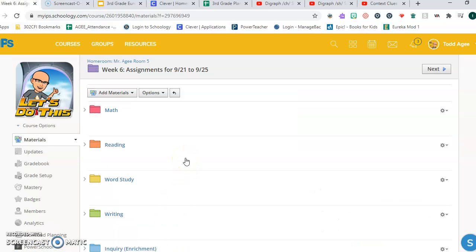Hello kids, Mr. Agee here for reading on Tuesday, September 22nd.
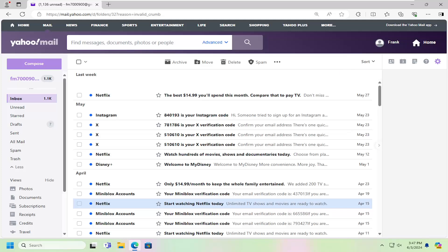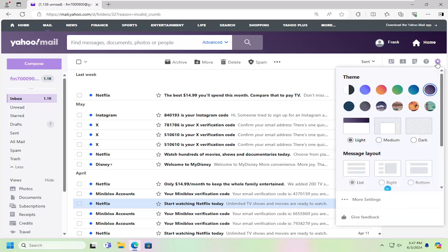And without further ado, let's go ahead and jump right into it. So all you have to do is sign into Yahoo Mail and select the gear icon over in the top right. Just go ahead and left click on that and select more settings.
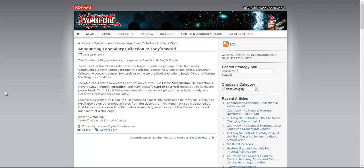Joey's Blue Flame Swordsman, Mai Valentine's Harpy Lady Phoenix Formation, and Marik's Card of Last Will. And they noted that due to its insane power level, Card of Last Will will not be allowed in tournament play, and is included solely as a collector's item and for casual play. So this means it's kind of like the original Egyptian gods. Maybe we'll see a watered down version of this later down the line.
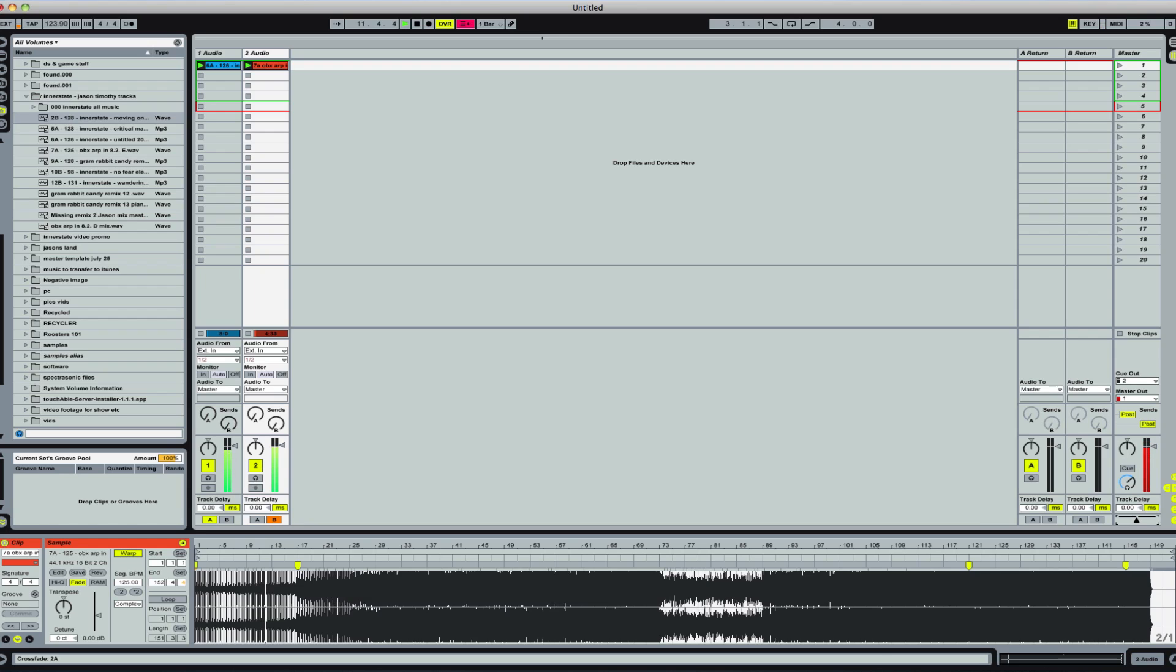Now they're both playing at equal volume. And the new song has taken over. So that is how crossfader works. In the next video, we'll go a little bit deeper.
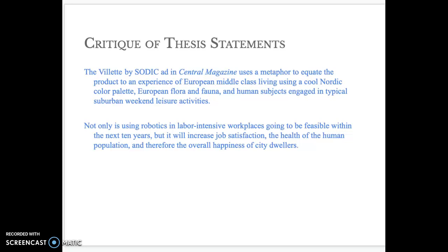Let's look at these thesis statements. The first one: The Valette by Sodec ad in Central Magazine uses a metaphor to equate the product to an experience of European middle class living using a cool Nordic color palette, European flora and fauna, and human subjects engaged in typical suburban weekend leisure activities.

+++++

* [Directions for this task]: Could you repeat exactly the lines from the one containing "Joey's Blue Flame" to the last line of the records, both included, and leave out every picture?

* [Solved problem]:
Joey's Blue Flame Swordsman, Mai Valentine's Harpy Lady Phoenix Formation, and Marik's Card of Last Will. And they noted that due to its insane power level, Card of Last Will will not be allowed in tournament play, and is included solely as a collector's item and for casual play. So this means it's kind of like the original Egyptian gods. Maybe we'll see a watered down version of this later down the line.
Now they're both playing at equal volume. And the new song has taken over. So that is how crossfader works. In the next video, we'll go a little bit deeper.
Let's look at these thesis statements. The first one: The Valette by Sodec ad in Central Magazine uses a metaphor to equate the product to an experience of European middle class living using a cool Nordic color palette, European flora and fauna, and human subjects engaged in typical suburban weekend leisure activities.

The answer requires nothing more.